▸ Task item
Go to the line containing "564 Felicity Loop — Photo 19" in the records below and print it and every following line exactly, on through the line containing "Eleito pela chapa", then stop.

▸ Dataset records
•••

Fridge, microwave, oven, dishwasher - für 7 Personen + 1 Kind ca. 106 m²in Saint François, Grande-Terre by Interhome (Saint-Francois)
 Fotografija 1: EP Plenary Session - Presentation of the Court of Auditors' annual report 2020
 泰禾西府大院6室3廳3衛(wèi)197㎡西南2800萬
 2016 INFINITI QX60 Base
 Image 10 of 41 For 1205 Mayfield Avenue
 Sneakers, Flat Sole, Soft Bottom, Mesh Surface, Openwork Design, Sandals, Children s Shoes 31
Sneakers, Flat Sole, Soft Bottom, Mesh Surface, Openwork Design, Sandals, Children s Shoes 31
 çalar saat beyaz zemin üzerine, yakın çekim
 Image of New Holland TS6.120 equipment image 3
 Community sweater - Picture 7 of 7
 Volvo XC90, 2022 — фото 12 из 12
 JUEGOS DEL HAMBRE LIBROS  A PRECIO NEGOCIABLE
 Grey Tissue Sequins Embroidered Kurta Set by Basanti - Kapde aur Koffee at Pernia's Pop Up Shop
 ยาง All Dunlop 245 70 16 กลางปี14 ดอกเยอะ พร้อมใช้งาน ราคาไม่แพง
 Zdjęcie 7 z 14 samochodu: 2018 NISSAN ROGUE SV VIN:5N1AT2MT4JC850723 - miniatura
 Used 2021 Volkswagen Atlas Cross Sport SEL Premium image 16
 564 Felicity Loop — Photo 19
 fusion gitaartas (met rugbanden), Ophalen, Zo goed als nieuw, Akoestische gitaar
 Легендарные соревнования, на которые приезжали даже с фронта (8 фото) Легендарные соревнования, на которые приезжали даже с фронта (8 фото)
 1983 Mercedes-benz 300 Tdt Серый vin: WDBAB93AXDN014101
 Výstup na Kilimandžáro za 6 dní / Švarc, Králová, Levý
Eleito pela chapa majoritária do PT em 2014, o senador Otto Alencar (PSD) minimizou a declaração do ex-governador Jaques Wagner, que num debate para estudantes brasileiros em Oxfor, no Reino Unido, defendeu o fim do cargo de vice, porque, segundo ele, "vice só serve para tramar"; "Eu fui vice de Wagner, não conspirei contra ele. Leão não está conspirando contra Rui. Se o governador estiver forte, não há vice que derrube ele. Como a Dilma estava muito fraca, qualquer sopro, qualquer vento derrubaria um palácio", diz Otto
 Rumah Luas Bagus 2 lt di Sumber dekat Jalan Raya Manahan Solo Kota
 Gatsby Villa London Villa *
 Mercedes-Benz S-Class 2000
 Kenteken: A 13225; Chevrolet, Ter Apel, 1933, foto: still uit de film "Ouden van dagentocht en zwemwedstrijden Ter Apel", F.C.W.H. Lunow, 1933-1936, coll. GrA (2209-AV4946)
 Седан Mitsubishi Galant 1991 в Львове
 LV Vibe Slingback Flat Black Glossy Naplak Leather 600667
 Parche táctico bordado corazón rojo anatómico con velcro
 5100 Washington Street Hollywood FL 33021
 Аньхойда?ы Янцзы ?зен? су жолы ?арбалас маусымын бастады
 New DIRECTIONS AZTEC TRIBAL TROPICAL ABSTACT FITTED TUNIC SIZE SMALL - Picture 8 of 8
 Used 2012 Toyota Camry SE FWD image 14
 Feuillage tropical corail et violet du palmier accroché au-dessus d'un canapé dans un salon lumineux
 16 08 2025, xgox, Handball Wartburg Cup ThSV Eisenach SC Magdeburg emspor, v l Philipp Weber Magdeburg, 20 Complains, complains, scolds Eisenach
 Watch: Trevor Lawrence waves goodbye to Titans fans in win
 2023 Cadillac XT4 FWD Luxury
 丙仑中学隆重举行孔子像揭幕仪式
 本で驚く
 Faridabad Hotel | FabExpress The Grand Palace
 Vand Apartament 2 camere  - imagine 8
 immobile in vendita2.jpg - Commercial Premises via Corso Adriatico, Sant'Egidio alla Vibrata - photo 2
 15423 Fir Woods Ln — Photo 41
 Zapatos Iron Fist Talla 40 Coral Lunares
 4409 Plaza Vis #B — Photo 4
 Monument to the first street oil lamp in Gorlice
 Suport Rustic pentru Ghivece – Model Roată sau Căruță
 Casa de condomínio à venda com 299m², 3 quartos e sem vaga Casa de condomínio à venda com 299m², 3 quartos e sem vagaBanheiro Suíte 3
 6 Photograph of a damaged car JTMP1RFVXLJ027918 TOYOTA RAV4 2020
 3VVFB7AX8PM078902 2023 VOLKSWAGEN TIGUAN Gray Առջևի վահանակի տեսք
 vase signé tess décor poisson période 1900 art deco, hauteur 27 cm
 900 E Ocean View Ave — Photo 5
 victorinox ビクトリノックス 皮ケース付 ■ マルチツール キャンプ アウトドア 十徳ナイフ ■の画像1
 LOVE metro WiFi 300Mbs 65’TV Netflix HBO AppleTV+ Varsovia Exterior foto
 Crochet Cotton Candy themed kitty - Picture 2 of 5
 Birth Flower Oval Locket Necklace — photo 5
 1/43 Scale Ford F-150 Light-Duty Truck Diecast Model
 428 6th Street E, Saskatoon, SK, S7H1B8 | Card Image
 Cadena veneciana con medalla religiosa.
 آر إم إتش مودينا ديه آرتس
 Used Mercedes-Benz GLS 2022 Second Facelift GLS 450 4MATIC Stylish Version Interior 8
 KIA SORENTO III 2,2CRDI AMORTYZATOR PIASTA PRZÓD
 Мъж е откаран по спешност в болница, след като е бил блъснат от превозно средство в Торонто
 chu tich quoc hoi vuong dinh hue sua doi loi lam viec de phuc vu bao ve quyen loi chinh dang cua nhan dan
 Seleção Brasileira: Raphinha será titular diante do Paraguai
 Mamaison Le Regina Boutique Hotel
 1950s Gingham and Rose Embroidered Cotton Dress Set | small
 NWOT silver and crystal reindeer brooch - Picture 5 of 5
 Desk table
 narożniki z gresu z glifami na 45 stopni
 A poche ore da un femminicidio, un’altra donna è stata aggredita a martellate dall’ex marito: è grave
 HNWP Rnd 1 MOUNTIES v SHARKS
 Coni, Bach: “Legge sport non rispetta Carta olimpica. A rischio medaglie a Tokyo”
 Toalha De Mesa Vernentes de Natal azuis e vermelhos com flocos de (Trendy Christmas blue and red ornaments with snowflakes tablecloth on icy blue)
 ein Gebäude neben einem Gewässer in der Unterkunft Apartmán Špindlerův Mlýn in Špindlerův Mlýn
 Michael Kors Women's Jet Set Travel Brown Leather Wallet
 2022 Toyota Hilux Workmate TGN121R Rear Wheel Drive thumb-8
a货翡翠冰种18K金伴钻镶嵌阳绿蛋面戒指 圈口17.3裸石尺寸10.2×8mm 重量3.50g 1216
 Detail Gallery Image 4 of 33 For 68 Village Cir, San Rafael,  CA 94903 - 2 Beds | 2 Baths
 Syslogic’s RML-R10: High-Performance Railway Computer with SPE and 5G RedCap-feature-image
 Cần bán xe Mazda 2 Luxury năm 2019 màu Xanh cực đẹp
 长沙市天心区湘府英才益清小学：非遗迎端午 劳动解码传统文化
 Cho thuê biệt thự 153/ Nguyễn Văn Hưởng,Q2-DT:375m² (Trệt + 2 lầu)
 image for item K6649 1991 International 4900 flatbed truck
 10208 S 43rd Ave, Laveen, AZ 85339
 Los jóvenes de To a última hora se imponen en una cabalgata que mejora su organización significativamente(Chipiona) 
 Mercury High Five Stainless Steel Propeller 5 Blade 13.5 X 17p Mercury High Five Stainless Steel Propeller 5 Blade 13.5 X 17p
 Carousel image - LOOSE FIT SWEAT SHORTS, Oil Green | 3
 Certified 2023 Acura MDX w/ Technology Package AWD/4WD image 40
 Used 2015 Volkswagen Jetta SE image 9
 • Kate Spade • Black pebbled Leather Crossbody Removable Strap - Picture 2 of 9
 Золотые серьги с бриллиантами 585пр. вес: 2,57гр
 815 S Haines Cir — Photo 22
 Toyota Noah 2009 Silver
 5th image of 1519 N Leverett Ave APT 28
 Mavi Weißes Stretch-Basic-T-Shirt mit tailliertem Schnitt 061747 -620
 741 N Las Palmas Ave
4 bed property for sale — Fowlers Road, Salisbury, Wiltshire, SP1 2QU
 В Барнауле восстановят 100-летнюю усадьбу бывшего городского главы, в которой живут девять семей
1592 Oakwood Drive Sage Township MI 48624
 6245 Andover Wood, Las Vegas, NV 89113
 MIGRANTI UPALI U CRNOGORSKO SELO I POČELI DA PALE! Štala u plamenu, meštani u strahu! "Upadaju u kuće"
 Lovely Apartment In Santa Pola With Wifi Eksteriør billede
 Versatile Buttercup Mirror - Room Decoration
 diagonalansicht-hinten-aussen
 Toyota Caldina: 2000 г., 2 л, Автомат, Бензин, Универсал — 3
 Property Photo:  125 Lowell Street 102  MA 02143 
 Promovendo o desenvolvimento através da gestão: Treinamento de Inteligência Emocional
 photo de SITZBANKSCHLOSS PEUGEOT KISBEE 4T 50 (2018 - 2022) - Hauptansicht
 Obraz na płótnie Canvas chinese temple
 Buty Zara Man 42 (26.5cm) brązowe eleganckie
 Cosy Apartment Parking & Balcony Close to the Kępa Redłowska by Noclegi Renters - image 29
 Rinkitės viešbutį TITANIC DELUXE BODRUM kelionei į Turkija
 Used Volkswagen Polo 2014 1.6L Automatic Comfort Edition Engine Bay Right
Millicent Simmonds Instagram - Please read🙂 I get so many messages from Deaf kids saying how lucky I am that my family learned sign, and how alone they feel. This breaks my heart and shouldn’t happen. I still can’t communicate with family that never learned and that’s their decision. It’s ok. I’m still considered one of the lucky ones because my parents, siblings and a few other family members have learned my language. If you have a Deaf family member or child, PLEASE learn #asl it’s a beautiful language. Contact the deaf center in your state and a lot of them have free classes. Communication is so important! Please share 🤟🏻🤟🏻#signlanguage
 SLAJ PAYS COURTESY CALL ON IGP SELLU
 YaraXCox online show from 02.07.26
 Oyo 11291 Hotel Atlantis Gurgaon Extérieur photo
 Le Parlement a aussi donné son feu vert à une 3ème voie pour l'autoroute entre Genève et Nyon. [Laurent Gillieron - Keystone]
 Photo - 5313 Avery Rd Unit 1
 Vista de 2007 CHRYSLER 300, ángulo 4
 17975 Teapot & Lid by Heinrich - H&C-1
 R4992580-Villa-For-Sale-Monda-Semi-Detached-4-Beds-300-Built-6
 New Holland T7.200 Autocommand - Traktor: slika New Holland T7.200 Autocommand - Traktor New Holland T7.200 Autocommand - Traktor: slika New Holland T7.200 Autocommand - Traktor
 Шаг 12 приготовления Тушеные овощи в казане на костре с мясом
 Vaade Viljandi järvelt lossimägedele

•••

▸ Expected answer
 564 Felicity Loop — Photo 19
 fusion gitaartas (met rugbanden), Ophalen, Zo goed als nieuw, Akoestische gitaar
 Легендарные соревнования, на которые приезжали даже с фронта (8 фото) Легендарные соревнования, на которые приезжали даже с фронта (8 фото)
 1983 Mercedes-benz 300 Tdt Серый vin: WDBAB93AXDN014101
 Výstup na Kilimandžáro za 6 dní / Švarc, Králová, Levý
Eleito pela chapa majoritária do PT em 2014, o senador Otto Alencar (PSD) minimizou a declaração do ex-governador Jaques Wagner, que num debate para estudantes brasileiros em Oxfor, no Reino Unido, defendeu o fim do cargo de vice, porque, segundo ele, "vice só serve para tramar"; "Eu fui vice de Wagner, não conspirei contra ele. Leão não está conspirando contra Rui. Se o governador estiver forte, não há vice que derrube ele. Como a Dilma estava muito fraca, qualquer sopro, qualquer vento derrubaria um palácio", diz Otto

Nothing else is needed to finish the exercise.